In the case of the non-fundamental stuff, there are informative answers. How did you make that loop of rope? By tying the ends in a Zeppelin bend. How did you do that? By making a six loop and a nine loop and tucking this through that and that through this and pulling tight. How did you make the six loop? By tensing my muscles thus and so.

Now, the case of what God does directly, without secondary causes, is analogous to what we fundamentally cause as agents. Except that whereas for us the basic effects are things like muscle tensings or nerve firings, for God the basic effects are much more impressive, like an object coming into existence ex nihilo.

Jason Thibodeau said...

That is a nice distinction and helpful. But I think there may still be a problem. Human persons are able to fundamentally cause in virtue of having bodies. And while there is no informative answer to how we do it, the powers that we have in virtue of which we fundamentally cause are themselves subject to (non-intentional)causal explanations. That I am able to tense my muscles thus-and-so is subject to explanation in terms of nerves, muscle fibers, etc.

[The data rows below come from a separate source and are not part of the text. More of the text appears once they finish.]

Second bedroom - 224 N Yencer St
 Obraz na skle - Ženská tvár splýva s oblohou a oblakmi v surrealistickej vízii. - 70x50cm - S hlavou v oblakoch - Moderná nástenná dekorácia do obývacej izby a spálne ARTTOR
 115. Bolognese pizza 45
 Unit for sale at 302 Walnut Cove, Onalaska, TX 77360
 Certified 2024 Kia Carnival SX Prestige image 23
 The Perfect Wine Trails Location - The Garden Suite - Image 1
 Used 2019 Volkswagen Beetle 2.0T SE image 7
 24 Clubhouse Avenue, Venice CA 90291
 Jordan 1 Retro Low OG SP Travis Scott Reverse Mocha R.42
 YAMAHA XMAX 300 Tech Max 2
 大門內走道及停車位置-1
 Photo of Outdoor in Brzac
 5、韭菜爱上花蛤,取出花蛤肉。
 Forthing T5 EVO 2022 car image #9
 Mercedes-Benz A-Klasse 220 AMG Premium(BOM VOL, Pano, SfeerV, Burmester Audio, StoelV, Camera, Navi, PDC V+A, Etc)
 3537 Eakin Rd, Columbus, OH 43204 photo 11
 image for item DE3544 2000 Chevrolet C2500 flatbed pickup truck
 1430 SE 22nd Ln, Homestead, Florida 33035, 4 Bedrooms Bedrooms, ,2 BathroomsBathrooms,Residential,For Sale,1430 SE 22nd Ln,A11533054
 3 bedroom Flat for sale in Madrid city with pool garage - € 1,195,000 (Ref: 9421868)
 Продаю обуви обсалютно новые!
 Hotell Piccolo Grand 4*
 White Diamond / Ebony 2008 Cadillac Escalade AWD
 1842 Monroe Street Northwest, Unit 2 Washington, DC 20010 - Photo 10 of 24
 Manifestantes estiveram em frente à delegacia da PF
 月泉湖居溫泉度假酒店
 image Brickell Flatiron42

Suppose that all human intentional explanation presupposes the existence of powers that are subject to non-intentional explanation. That is, we understand (human) intentional explanations in virtue of understanding that humans non-fundamentally cause by directly manipulating their bodies (or whatever the fundamental stuff is).

God's powers in virtue of which he can fundamentally cause are not subject to explanation. God doesn't cause by tensing his muscles, and however he does cause, the fundamental stuff is not subject to explanation.

Can we make sense of intentional causation without presupposing the existence of a body (or something analogous) that an agent can fundamentally affect, and in virtue of which the being can non-fundamentally cause?

Michael Gonzalez said...

Jason, I think you missed the point of the difference between fundamentally causing and non-fundamentally causing. You say that humans can fundamentally cause in virtue of having a body. This is exactly incorrect. They can NON-fundamentally cause, because they have a body which they can fundamentally cause to do things.

To put it another way, if a human is using his body to do something (say, pick up a glass of water), that is a case of non-fundamental causing. However, the movement of the body itself (say, the initiation of neural events leading to the raising of the arm) is not done through a body.

Likewise, God could act on the world (even in His creation of it) at a purely fundamental level, not involving an intermediate step.